Roma, dunque, rimane ancora oggi e più di prima il centro di una cultura universale e ha mantenuto e potenziato questa forza di attrazione e di astrazione mentre i suoi territori sono devastati dai rifiuti, dall’incuria delle strade, dalla inefficienza dei mezzi di trasporto, da una burocrazia asfissiante e predatoria, dalle questioni mai risolte della immigrazione e degli alloggi, da una cementificazione illimitata, e da una crisi che sembra sia diventata il suo stile di vita. Più di prima, perché la sua storia millenaria, la sua grande bellezza e il messaggio cristiano sono i principali motori di un potente immaginario che penetra con lo sviluppo delle reti ogni angolo del mondo. Più di venti milioni di turisti è il valore di mercato che questo immaginario produce annualmente. Ma non solo la storia, la bellezza e la Chiesa, anche la sua sterminata periferia ha avuto e ha, rispetto alle altre grandi città italiane, un ruolo originale e fondamentale nelle trasformazioni culturali e sociali di questo paese, funzionando come laboratorio alternativo e creativo di nuova cultura e nuovi conflitti e disegnando un immaginario forte, amplificato da cinema e letteratura che nei loro racconti fanno di Roma e della sua periferia il loro ricorrente scenario. Tra l’altro è proprio nelle sue periferie, più che in altri luoghi della città, che si producono quei sentimenti della crisi, come il rancore, l’odio, il risentimento, che sembrano oggi i motori di una conflittualità diversa che si traduce nella illegalità diffusa e nella devianza. Una conflittualità non più collettiva, ma individualizzata, parcellizzata che però ha più presa sull’immaginario, mette più paura, richiede più sicurezza. Anche qui e ancora una volta universale e locale si confrontano e si confondono.

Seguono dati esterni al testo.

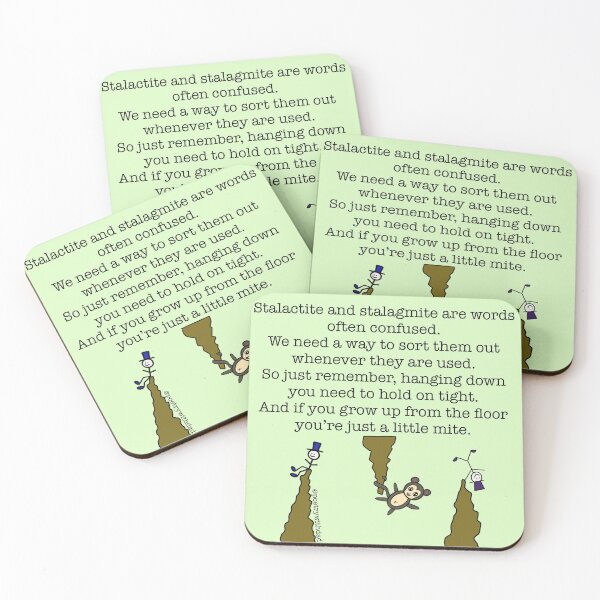 Item preview, Stalactites and Stalagmites designed and sold by poetrywithdad.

E così alla fine Roma sembra vivere in maniera schizofrenica due vite: una, innescata da un immaginario smisurato, creato dalla sua storia, potenziato dal consumo, alimentato dagli stessi romani e dall’oceano dei turisti che si insinuano in tutte le pieghe del suo centro storico e ai quali poco importa della condizione della città e dei suoi problemi, l’essenziale che il Colosseo, San Pietro e la Fontana di Trevi rimangano sempre lì per rinnovare continuamente il sogno, l’estasi e la fede; l’altra, che riguarda la dura realtà quotidiana vissuta in maniera precaria e male governata.
Un immaginario, nel caso dei romani, che, in assenza di un forte progetto politico e di una classe dirigente degna di questo nome, non fornisce però alcun motore per l’azione, diventa un sostrato di simboli e concetti presenti nella memoria che cerca di nascondere il mondo così come è, che si rifiuta di riconoscerlo e che rinchiude il suo ruolo nel motivare questo rifiuto. Un sostrato che se non incide sul mondo reale lo fa sul modo di vederlo, di interpretarlo e di viverlo. Un immaginario dunque che imprime sul pensiero un’impronta culturale profonda e che porta, nel caso di Roma, a una passività incomprensibile di fronte alla gravità dei problemi sociali non risolti.